* REQUIREMENT:
Starting at the line that contains "分享双鄂手术后变精致小脸", output each line exactly as written through the end of the listing below, but leave out the pictures.

* STORED DATA:
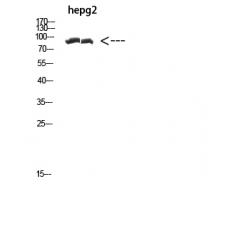 Anti-CACTIN antibody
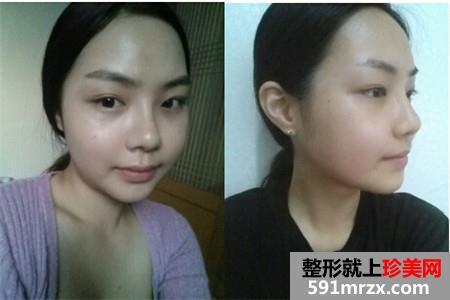 分享双鄂手术后变精致小脸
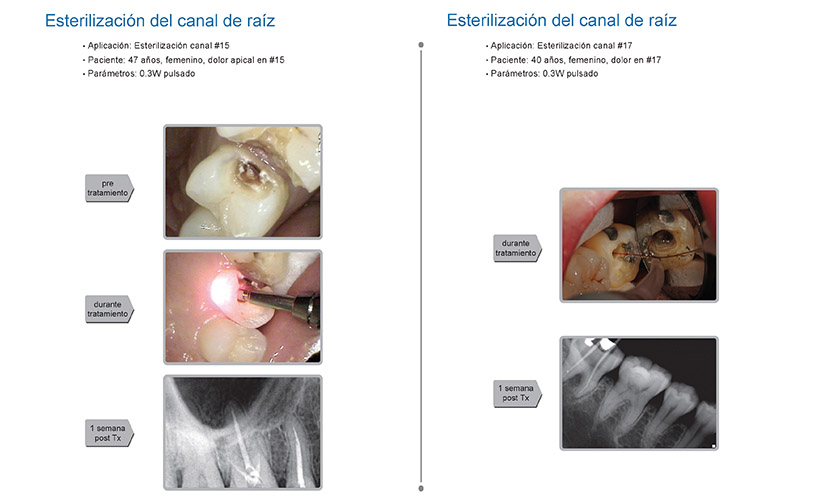 Casos clínicos K2 mobile: endodoncia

* ANSWER TO THE PROBLEM:
 分享双鄂手术后变精致小脸
 Casos clínicos K2 mobile: endodoncia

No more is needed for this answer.